Con l’art. 31 del decreto-legge n. 77/2021, convertito nella legge n. 108/2021 il divieto di accumulo per l’energia prodotta anche da fonte rinnovabile è superato, a differenza di quanto sostengono Gabanelli e Savelli: perché non si chiedono i veri motivi della scarsa progettualità in materia? Il Gruppo ENEL, per esempio, progetta un impianto ad accumulo da 122 MW a Portovesme con il superamento dell’esistente centrale termoelettrica (vds.
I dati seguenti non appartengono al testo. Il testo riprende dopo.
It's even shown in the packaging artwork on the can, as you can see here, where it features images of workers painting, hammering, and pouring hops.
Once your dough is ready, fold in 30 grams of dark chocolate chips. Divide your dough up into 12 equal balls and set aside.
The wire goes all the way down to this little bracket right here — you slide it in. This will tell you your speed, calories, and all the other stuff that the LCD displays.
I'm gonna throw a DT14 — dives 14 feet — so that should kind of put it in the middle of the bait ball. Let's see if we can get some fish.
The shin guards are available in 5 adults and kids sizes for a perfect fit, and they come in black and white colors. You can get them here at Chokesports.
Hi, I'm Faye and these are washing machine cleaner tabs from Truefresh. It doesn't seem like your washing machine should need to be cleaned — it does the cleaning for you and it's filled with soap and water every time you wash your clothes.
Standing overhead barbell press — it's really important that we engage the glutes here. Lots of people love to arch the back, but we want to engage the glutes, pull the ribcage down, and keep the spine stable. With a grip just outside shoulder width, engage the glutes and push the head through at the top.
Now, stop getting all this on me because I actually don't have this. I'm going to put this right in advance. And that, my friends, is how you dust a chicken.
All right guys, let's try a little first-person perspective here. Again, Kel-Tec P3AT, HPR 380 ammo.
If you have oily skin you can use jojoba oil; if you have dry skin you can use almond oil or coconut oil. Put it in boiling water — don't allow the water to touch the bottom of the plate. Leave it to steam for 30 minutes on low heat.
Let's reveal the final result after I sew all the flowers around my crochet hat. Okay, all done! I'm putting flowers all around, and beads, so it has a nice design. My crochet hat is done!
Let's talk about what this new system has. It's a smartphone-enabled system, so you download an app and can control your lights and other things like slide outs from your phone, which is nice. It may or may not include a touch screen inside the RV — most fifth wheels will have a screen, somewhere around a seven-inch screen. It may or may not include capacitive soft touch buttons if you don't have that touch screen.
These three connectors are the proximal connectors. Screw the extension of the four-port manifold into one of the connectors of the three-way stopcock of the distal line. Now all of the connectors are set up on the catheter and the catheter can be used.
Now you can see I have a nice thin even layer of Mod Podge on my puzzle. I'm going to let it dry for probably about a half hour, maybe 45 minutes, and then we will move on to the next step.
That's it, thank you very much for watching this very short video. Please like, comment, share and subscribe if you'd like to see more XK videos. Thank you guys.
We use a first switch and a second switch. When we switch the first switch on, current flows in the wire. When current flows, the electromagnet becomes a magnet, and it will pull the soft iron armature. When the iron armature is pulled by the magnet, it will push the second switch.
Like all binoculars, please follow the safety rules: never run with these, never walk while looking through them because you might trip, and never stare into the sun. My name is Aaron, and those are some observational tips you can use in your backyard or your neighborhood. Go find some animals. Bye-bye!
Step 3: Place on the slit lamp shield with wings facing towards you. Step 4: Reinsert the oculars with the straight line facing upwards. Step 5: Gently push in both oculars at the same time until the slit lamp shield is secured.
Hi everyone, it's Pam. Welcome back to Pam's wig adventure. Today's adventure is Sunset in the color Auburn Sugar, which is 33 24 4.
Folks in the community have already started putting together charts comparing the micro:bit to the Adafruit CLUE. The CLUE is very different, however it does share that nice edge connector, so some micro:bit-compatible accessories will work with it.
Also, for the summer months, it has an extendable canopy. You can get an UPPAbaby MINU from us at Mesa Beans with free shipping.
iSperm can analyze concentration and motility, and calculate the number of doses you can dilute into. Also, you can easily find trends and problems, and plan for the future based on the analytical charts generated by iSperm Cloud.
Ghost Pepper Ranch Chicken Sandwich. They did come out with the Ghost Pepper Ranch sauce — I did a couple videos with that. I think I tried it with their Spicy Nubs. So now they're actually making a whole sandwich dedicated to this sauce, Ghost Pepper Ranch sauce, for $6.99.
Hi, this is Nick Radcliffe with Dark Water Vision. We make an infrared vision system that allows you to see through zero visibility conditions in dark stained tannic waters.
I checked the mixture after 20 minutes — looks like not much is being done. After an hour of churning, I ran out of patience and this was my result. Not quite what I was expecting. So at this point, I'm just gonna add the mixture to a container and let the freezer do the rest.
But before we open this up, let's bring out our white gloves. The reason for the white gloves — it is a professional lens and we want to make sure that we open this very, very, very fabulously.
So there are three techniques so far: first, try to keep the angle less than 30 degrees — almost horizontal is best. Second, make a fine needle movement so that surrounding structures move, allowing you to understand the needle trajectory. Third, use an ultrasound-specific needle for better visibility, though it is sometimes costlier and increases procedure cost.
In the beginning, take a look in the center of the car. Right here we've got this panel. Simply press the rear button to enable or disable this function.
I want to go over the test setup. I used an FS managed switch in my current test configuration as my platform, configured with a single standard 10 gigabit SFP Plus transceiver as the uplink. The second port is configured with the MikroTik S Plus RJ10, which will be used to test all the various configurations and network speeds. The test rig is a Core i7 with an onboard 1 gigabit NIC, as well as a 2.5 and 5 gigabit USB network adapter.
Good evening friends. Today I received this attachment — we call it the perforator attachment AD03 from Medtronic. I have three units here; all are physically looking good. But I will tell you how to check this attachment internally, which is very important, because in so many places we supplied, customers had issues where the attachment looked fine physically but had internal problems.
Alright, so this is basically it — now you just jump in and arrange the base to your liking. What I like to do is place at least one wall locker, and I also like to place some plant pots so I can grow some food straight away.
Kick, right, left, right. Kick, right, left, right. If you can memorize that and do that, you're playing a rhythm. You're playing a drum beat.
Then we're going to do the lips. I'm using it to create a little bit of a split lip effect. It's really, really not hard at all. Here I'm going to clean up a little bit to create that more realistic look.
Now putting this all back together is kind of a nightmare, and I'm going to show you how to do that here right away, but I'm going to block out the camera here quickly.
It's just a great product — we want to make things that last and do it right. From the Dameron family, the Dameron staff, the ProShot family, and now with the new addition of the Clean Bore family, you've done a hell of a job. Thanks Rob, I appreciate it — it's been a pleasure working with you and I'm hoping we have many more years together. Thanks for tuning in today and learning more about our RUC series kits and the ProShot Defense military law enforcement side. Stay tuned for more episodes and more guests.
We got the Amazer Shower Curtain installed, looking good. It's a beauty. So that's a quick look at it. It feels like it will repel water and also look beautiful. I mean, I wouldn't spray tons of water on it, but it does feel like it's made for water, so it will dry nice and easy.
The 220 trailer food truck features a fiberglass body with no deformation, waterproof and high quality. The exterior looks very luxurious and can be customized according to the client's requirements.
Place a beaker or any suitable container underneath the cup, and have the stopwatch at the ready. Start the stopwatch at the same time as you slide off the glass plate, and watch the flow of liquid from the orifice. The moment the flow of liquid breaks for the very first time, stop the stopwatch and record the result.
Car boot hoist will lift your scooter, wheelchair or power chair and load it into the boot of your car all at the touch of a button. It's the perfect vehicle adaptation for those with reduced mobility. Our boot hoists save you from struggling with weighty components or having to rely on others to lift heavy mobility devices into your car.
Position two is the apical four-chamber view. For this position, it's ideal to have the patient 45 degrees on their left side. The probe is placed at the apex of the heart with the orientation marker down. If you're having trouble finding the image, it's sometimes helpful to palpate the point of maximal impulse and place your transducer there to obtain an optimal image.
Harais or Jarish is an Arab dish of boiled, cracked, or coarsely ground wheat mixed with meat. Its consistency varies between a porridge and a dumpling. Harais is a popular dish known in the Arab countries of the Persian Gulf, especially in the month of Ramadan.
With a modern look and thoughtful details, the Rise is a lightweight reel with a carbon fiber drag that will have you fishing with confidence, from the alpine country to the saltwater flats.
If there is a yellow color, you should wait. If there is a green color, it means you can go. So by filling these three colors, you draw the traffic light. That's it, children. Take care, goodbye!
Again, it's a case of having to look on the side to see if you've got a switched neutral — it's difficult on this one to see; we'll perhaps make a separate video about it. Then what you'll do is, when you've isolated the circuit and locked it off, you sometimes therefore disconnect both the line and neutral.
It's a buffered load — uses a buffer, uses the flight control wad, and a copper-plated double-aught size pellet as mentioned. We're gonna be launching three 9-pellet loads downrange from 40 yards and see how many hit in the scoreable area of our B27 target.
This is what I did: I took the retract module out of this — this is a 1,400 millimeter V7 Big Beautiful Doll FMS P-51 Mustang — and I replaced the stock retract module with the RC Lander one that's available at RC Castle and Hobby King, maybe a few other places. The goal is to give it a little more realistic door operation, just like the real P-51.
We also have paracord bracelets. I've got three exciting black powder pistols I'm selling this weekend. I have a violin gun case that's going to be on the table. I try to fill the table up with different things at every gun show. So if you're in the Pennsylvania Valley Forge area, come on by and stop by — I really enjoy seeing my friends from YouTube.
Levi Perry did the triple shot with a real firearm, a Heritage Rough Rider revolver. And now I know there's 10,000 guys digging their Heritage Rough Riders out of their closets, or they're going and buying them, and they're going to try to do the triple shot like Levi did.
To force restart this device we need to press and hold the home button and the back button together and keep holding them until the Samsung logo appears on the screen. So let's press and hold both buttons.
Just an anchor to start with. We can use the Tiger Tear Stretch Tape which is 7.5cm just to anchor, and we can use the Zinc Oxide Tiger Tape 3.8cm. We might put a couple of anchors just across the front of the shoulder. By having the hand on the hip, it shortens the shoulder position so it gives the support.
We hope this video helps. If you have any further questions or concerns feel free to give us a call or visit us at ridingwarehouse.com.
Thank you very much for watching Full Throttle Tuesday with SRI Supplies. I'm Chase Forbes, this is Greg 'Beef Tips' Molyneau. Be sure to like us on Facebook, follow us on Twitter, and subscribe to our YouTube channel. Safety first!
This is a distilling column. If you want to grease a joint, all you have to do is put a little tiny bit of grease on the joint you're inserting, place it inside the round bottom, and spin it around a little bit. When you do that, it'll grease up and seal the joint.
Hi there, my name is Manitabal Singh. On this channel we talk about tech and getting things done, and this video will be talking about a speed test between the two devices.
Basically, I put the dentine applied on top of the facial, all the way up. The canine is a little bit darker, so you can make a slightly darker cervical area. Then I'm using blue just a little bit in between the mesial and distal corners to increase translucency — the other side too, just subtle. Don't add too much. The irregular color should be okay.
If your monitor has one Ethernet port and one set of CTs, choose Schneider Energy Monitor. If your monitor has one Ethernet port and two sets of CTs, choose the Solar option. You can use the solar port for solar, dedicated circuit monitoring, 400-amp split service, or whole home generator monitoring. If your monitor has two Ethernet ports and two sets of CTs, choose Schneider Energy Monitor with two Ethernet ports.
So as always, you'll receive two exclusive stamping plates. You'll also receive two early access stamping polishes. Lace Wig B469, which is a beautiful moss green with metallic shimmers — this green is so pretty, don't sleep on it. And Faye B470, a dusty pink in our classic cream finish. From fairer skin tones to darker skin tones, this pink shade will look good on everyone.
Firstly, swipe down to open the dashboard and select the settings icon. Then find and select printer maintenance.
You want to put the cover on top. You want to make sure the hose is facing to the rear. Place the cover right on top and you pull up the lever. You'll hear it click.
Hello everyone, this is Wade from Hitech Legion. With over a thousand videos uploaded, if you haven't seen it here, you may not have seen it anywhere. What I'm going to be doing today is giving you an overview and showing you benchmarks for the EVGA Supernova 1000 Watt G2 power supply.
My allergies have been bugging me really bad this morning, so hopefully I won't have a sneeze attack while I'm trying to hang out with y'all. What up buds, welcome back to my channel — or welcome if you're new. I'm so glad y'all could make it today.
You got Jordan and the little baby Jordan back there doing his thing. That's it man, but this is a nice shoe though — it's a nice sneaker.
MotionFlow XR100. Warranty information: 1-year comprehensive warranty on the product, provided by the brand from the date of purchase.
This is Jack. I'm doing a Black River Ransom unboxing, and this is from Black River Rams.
L’Unione Sarda, 21 ottobre 2021).
La delega contenuta nell’art. 5 della legge 22 aprile 2021, n. 53 (legge di delegazione europea) sull’attuazione della direttiva n. 2018/2001/UE sulla promozione dell’uso dell’energia da fonti rinnovabili prevede esplicitamente l’emanazione di una specifica “disciplina per l’individuazione delle superfici e delle aree idonee e non idonee per l’installazione di impianti a fonti rinnovabili nel rispetto delle esigenze di tutela del patrimonio culturale e del paesaggio, delle aree agricole e forestali, della qualita’ dell’aria e dei corpi idrici, nonche’ delle specifiche competenze dei Ministeri per i beni e le attivita’ culturali e per il turismo, delle politiche agricole alimentari e forestali e dell’ambiente e della tutela del territorio e del mare, privilegiando l’utilizzo di superfici di strutture edificate, quali capannoni industriali e parcheggi, e aree non utilizzabili per altri scopi”.
Disciplina a oggi non emanata, sebbene alcune disposizioni precedenti siano recenti, come il Piano energetico regionale della Sardegna 2015-2030 – Individuazione delle aree non idonee all’installazione di impianti energetici alimentati da fonti rinnovabili (deliberazione Giunta regionale n. 59/90 del 27 novembre 2020).
Soprattutto una cosetta sfugge.
Il 10 febbraio 2021 il Parlamento europeo ha adottato la risoluzione legislativa sulla proposta di regolamento del Parlamento europeo e del Consiglio che istituisce un dispositivo per la ripresa e la resilienza chiudendo definitivamente l’iter per la disciplina dei Pnrr (Piani nazionali di ripresa e resilienza) avviato dalla Commissione europea lo scorso 27 maggio 2020, mettendo a disposizione dei Paesi Ue 672,5 miliardi di euro per la ripresa e la resilienza, dunque la parte più sostanziosa dei 750 miliardi del pacchetto Next Generation Eu.
La risoluzione è stata assunta in coerenza con l’accordo storico raggiunto dal Consiglio europeo del 17-21 luglio 2020 che, approvando la proposta della Commissione, ha deciso di assumersi il carico di un debito comune tra stati Ue in risposta alla crisi pandemica.
Il concetto fondante è netto: per ogni euro di spesa dev’essere dimostrato che non nuoce all’ambiente, pena la perdita dei fondi comunitari.
Merita quantomeno un breve accenno da parte di Gabanelli e Savelli o no?
Quanto scrivono senza se e senza ma con paraocchi green Gabanelli e Savelli piacerà al Presidente di Legambiente Stefano Ciafani e, forse, al Ministro della Transizione Ecologica Roberto Cingolani, ma denota il peggior snaturamento dell’Italia e dei suoi incomparabili valori naturalistici e storico-culturali.
E a quel sano e istintivo buon senso nel voler conciliare le esigenze energetiche con la salvaguardia di paesaggio e storia del Bel Paese descritto ed evocato da par suo da Gian Antonio Stella (Il Corriere della Sera, 6 novembre 2021) guardano invece milioni e milioni di Italiani.
Mettetevelo bene in testa una volta per tutte.